Cancelas’s research program is diverse and has resulted in more than 220 peer-reviewed manuscripts published in high-impact factor journals, including Transfusion, in which he serves as an associate editor. As a researcher, Cancelas leads a federal government-funded group that focuses on translational application of diverse hemotherapies. His translational group has optimized methods of progenitor and granulocyte transfusion in neutropenic patients and validated novel methods to preserve and store platelets, red cells and T cells in clinical multi-center trials. His group has generated first-in-human clinical data for a variety of biological therapies and is now actively searching for the mechanisms that control cold platelet damage and identified key molecular signals and methods to prevent cold storage damage and lyophilized platelets.

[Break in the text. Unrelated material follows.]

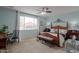 Comfortable main bedroom with a four-poster bed and neutral carpet at 22651 E Via Del Verde --, Queen Creek, AZ 85142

Cancelas’s group also studies hematopoiesis and hematopoietic stem cell activity in health and disease. As such, he has been pivotal in the elucidation of the cellular and molecular mechanisms of hematopoietic cells through the Rho family of GTPases. His group provided the basis for understanding of the physiological cell-autonomous and microenvironment/cytokine signaling and metabolic/mitochondrial dependent mechanisms in the context of myeloid progenitor migration and bone marrow retention and the mechanisms that control oncogenic tyrosine kinase signals dependent transformation in leukemic progenitors and identifying specific intrinsic and microenvironment-dependent signaling through Rho GTPases. Through hematopoietic differentiation of human induced pluripotent stem cells (iPSC) from SCN patients, his laboratory has unveiled the pathogenetic mechanisms of neutropenia in patients with ELANE mutations. Finally, his laboratory has also developed specific methods for the characterization of iPSC from the NHLBI progenitor cell biology consortium and developed/validated new methods for cryopreservation/delivery of functionally active lymphocyte populations in the context of adoptive transfer.